Jimmy Eat World - Futures

Tracks (Runtime): 11 (49:33)

Longest Track: “23” at 7 minutes and – wait for it – 23 seconds.

Geometry of an album cover: 3rd. Horizontally, vertically, in the image and the words, it plays the “rule of three” like a fucking fiddle.

JEWish-ness: Like, all of “Kill”, from the title to the final refrain/chorus: “I loved you and I should’ve said it/ But tell me just what has it ever meant/ I can’t help it baby, this is who I am/ I’m sorry, but I can’t just go turn off how I feel/ You kill me, you build me up, but just to watch me break.”

Lots of small ideas: Fittingly, “Kill” directly references “Half Right”, a hidden track from Elliott Smith’s early band Heatmiser’s 1996 album Mic City Sons: “I pick up put down the phone/ Like your favorite Heatmiser song goes:/ ’It’s just like being alone’”

Wait, which refrain do I sing? “Night Drive” – the “na na nana”s .vs. “Kiss me with your cherry lipstick/ Never wash you off my face/ Hit me, I can take your cheap shots/ Leave you with the love we made” vs. all those “OOOoooOOOooo”s.

The Phair-er sex: There are no female vocals on any track here save “Work” (“Jim’s on all those backups,” bassist Rich Burch told PunkNews.org. “He really worked on his range.”) The lady helping out on “Work”? Liz Phair. No joke.

“Futures” and “Nothingwrong”: explain why Adkins and drummer Zach Lind answered “Kerry” in this interview without hesitating. Also, how the title track hasn’t become a go-to for Headcount.org or Rock the Vote is baffling.

Oh bye, Mark! Trombino was originally attached to the album, but creative differences forced him to take his leave. Gil Norton stepped in to fill some big shoes.

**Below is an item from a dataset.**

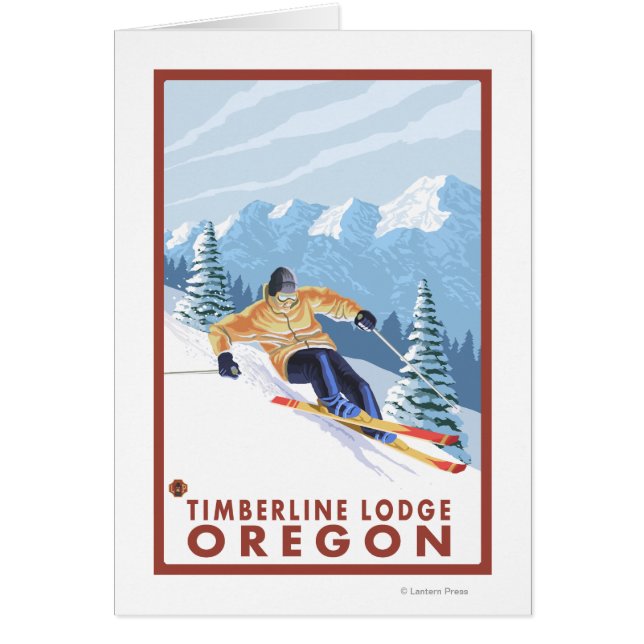 Downhill Snow Skier - Timberline Lodge, Oregon (Vorne)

Jimmy Says Words about following up Bleed American with the harder-hitting, more political Futures: “I was either just having my second child or just about to when we were recording. It is sort of growing up—the idea that responsibility is here. “Hello, responsibility!” It’s here and that means just being a little bit more aware. Yeah, there was kind of a political leaning forming, for sure. But at the same time, it’s important to not present that in a way that’s preachy. I know there’s always sort of a “I am a tax-paying United States citizen, so I have the same freedoms to protest or dissent or express my views in a public forum as anybody else.” But I know it’s not as effective if you have some dude in a rock band talking about “how it is, man.” I wouldn’t believe me if I heard me saying anything other than “make sure you’re registered to vote”.

I think part of it is also about greed. There’s a lot of societal commentary there, too. It’s not just all about elections and who’s running the show. You can tell where our politics are by what we support as a band rather than what we are singing about.”

Verdict: Perhaps this album didn’t attract as much attention as Bleed American because it’s *gasp* darker and heavier. That’s actually a bit ironic, considering songs like “Futures” and “Nothingwrong” should’ve resonated well with angry young folk of 2004 (ahem, the fact that “Futures” wasn’t released as a single until after the ’04 elections probably didn’t help). “23” and “The World You Love” harken back to Clarity, and while “Pain” and “Just Tonight” put an edge on the catchiness of Bleed American. The fact that this record didn’t cement JEW’s status may be more a byproduct of the three years between releases than the material, because it’s a damn fine effort.